**Supplied information**
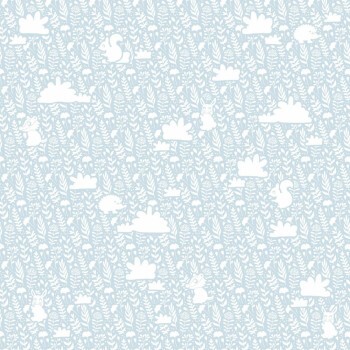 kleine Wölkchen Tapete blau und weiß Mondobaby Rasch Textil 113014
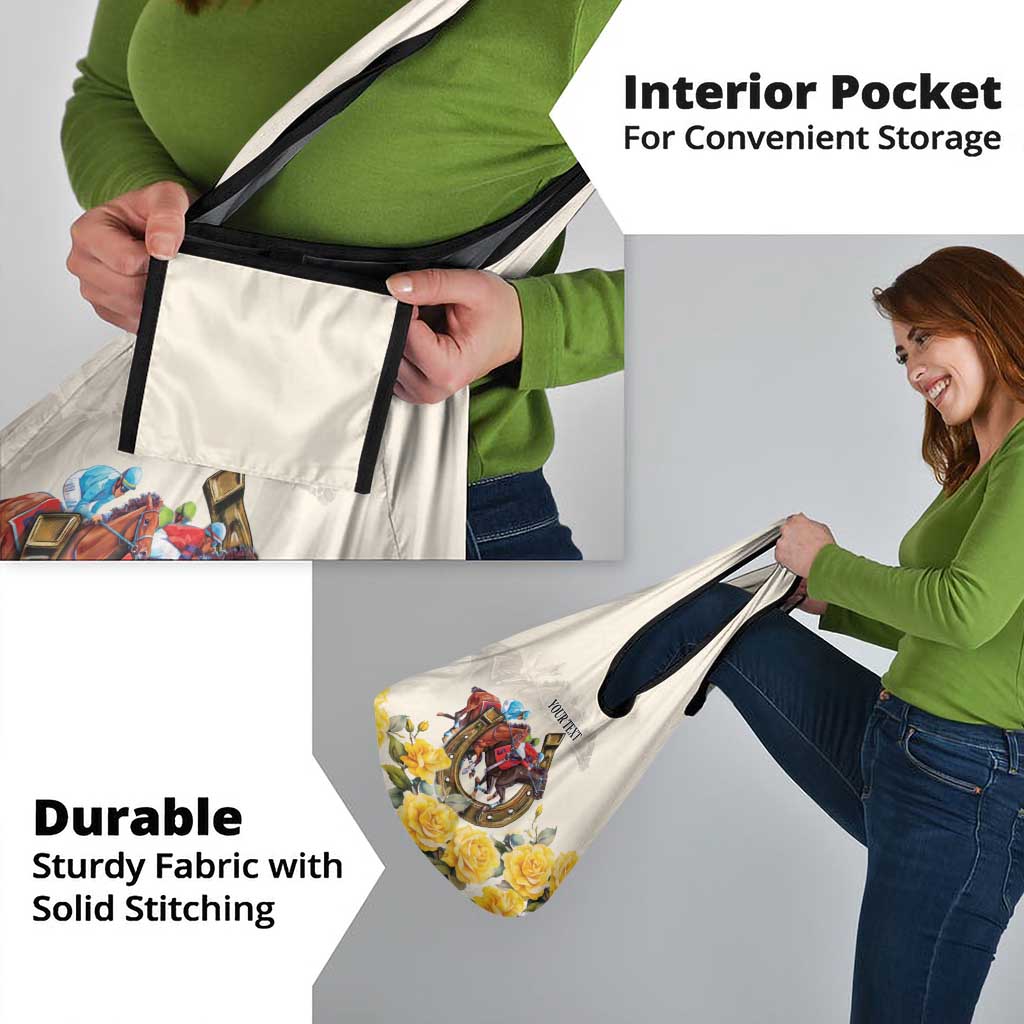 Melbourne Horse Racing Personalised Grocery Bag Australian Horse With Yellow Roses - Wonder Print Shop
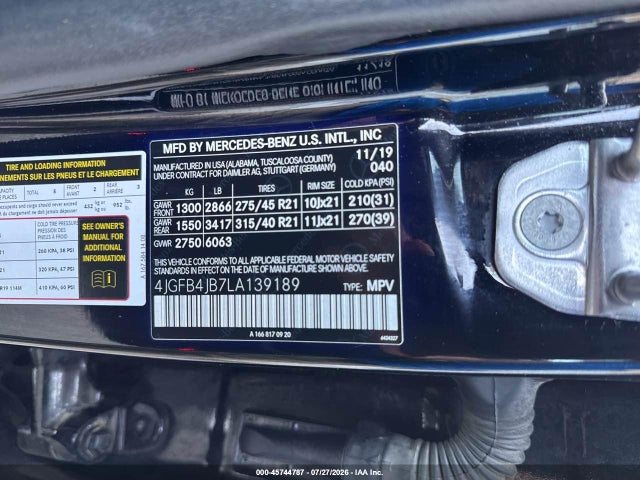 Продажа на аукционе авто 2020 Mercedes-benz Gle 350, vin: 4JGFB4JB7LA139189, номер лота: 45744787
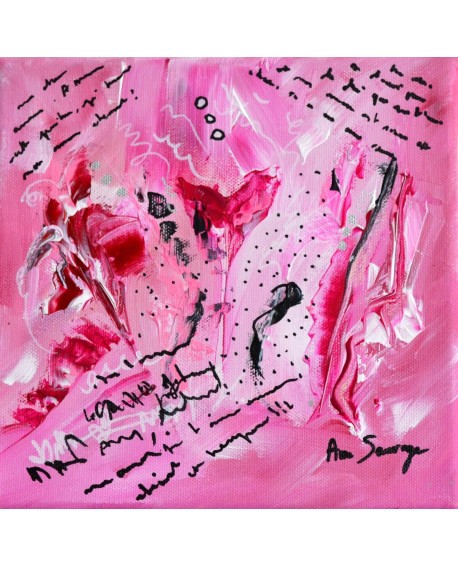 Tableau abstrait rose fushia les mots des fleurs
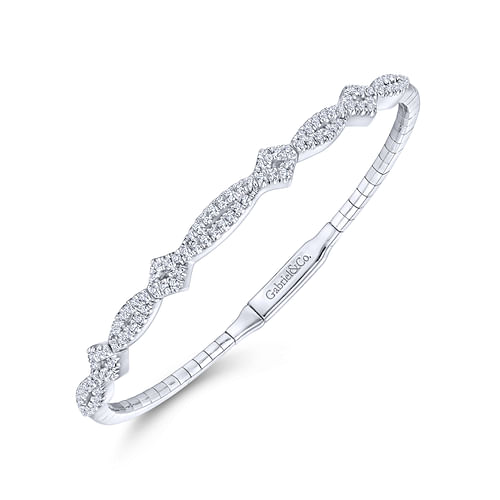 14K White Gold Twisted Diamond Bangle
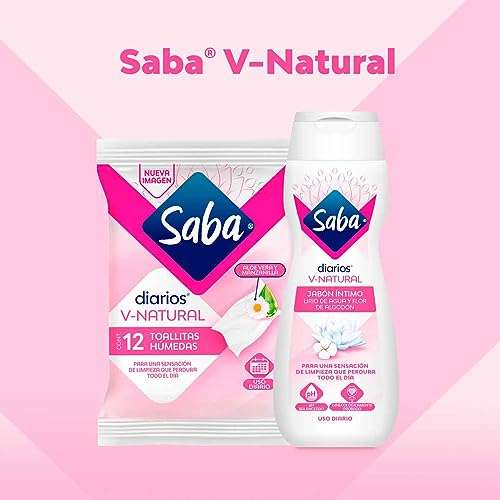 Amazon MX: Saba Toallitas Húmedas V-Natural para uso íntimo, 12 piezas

--

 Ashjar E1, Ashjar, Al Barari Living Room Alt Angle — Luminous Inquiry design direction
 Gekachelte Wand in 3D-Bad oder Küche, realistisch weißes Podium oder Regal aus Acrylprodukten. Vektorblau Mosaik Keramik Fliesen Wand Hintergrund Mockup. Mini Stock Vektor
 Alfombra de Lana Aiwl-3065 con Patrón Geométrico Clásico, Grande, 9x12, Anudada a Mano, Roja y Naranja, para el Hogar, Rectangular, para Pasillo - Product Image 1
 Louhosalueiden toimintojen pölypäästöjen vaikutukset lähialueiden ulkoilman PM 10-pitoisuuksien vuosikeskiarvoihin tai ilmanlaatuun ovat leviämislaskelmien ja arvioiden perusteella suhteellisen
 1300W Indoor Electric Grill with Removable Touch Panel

==

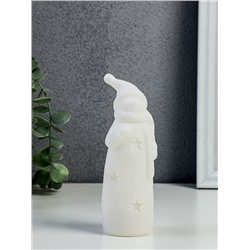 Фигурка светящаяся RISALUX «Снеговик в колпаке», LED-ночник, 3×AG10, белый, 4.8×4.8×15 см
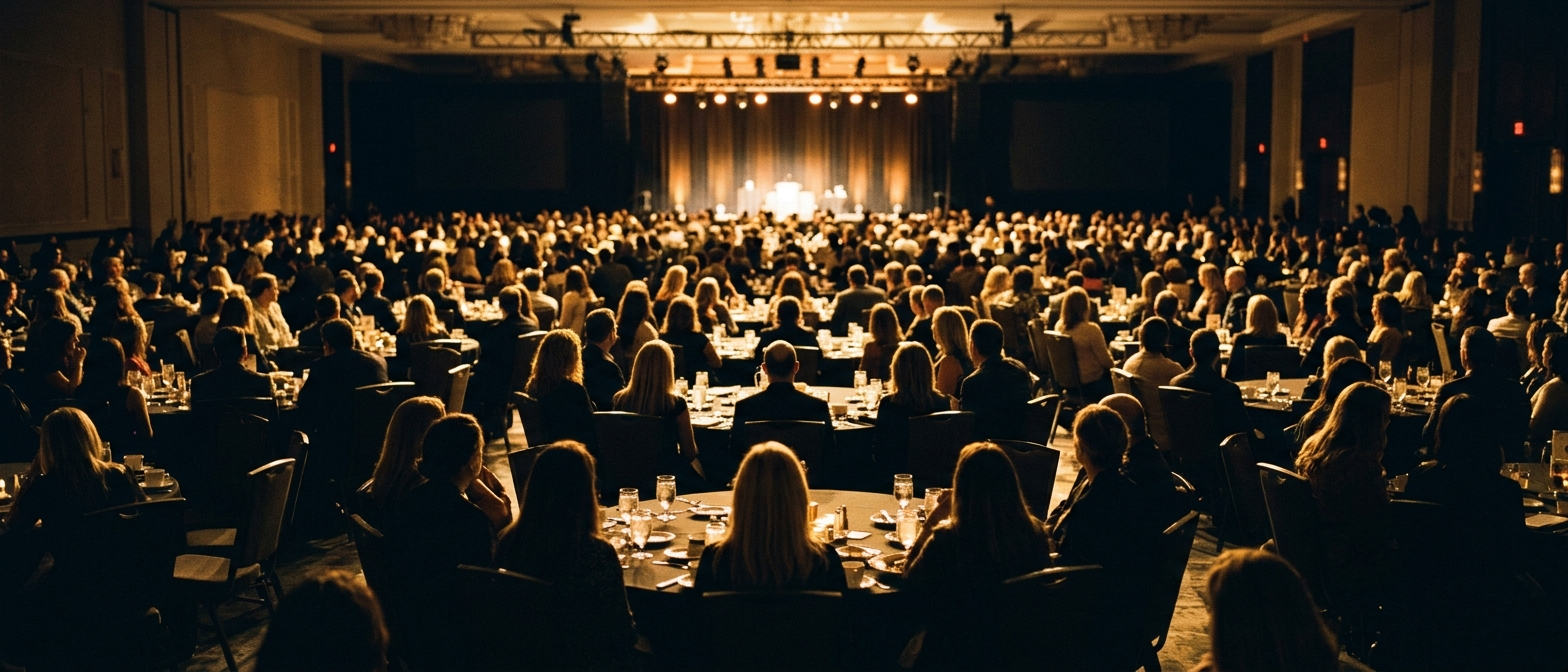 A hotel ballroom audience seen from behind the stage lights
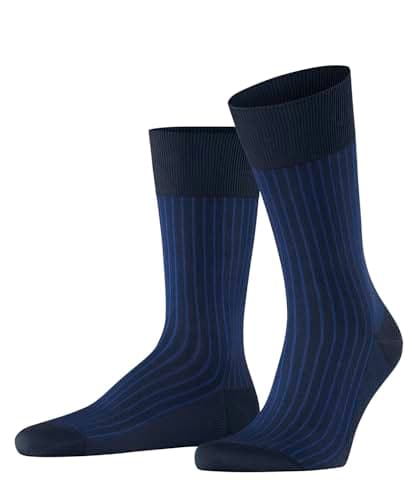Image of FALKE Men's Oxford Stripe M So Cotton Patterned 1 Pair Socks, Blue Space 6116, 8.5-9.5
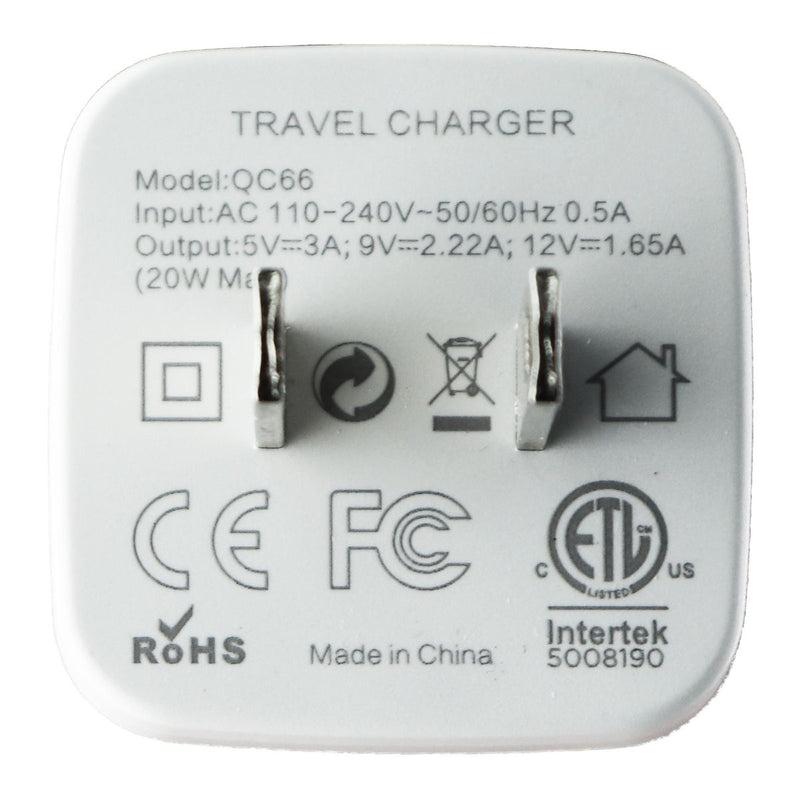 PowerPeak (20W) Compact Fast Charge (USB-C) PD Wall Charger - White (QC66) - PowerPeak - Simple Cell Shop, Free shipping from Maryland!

**Instructions to follow**
With the pictures removed from your copy, retype the lines above from the one that contains "kleine Wölkchen Tapete" through the one that contains "Amazon MX: Saba", exactly.

**Finished task**
 kleine Wölkchen Tapete blau und weiß Mondobaby Rasch Textil 113014
 Melbourne Horse Racing Personalised Grocery Bag Australian Horse With Yellow Roses - Wonder Print Shop
 Продажа на аукционе авто 2020 Mercedes-benz Gle 350, vin: 4JGFB4JB7LA139189, номер лота: 45744787
 Tableau abstrait rose fushia les mots des fleurs
 14K White Gold Twisted Diamond Bangle
 Amazon MX: Saba Toallitas Húmedas V-Natural para uso íntimo, 12 piezas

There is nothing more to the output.